# Lovely post - cat anal gland issues!



## MagicMelon (8 June 2017)

One of my bengals had impacted anal glands last year which the vet had to put her under anaesthetic to deal with. Shes showing signs of the problem again tonight so will book her into the vet tomorrow. My concern is this is going to be a regular thing and onviously its never nice putting her under anaesthetic very often (but shes not a cat you can do much with without her killing you). 

Im wondering if theres a food I can give her to try and avoid this happening again? She has to have dry food which she helps herself to because if I give her a meal (even a tiny bit of tuna or half sachet of wet food) then she throws up. Shes on bloody expensive food already which is for "delicate" tummies. Is there something else that may be better? Will ask vet but think I did last time and they said no...


----------



## Mrs B (8 June 2017)

Hmm. Don't have the answer but just a couple of questions/thoughts:

First of all; does the vet have any idea why she would throw up after 'wet' food? 

Fwiw, if my bengals are at all upset in the tum department, I find that plain roast chicken settles them - most supermarkets do packs which work out cheaper than many more expensive wet foods. 
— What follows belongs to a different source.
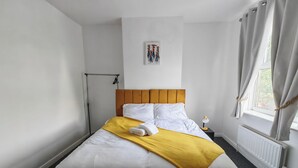 Un lit bien fait, avec une literie blanche et jaune, une tête de lit en bois, une table de chevet avec une lampe et une fenêtre avec des rideaux.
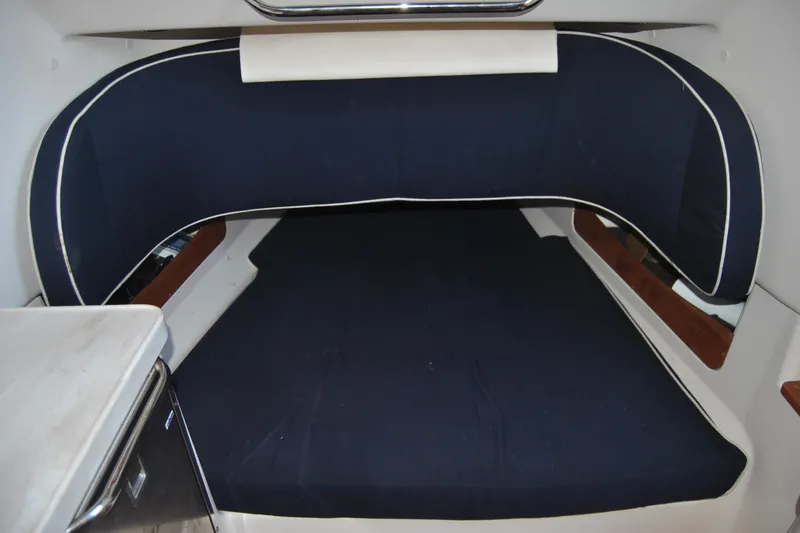 Slide: The Image of 2018 Grady-White Canyon 376 cabin interior with blue cushioned seating. - 15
And have you tried her on raw food? Natural Instinct are a company we've used, although you have to buy frozen trays and defrost as you need it ... the cats thrived on it and a good side effect was even though one was still being litter trained, her poop had hardly any smell at all.

As far as I understand, more 'bulk' in the gut helps anal glands work normally, so maybe if you _could_ introduce some kind of meat as well as the dry in her diet, it'd help?

Be interested to hear what your vet says, though ...


----------



## MotherOfChickens (8 June 2017)

my cats and dogs get raw chicken feet (get them frozen in 1kg bags)-minimal meat, lots of bone?


----------



## rara007 (10 June 2017)

Anything high fiber.


----------



## MagicMelon (14 June 2017)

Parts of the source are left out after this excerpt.